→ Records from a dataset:
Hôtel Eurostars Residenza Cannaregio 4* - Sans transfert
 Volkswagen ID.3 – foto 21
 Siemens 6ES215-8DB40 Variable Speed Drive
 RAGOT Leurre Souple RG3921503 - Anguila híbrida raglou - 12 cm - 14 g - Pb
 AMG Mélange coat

→ WHAT THE EXERCISE ASKS: Reproduce the data in full, exactly.

→ SOLUTION TO THE PROBLEM:
Hôtel Eurostars Residenza Cannaregio 4* - Sans transfert
 Volkswagen ID.3 – foto 21
 Siemens 6ES215-8DB40 Variable Speed Drive
 RAGOT Leurre Souple RG3921503 - Anguila híbrida raglou - 12 cm - 14 g - Pb
 AMG Mélange coat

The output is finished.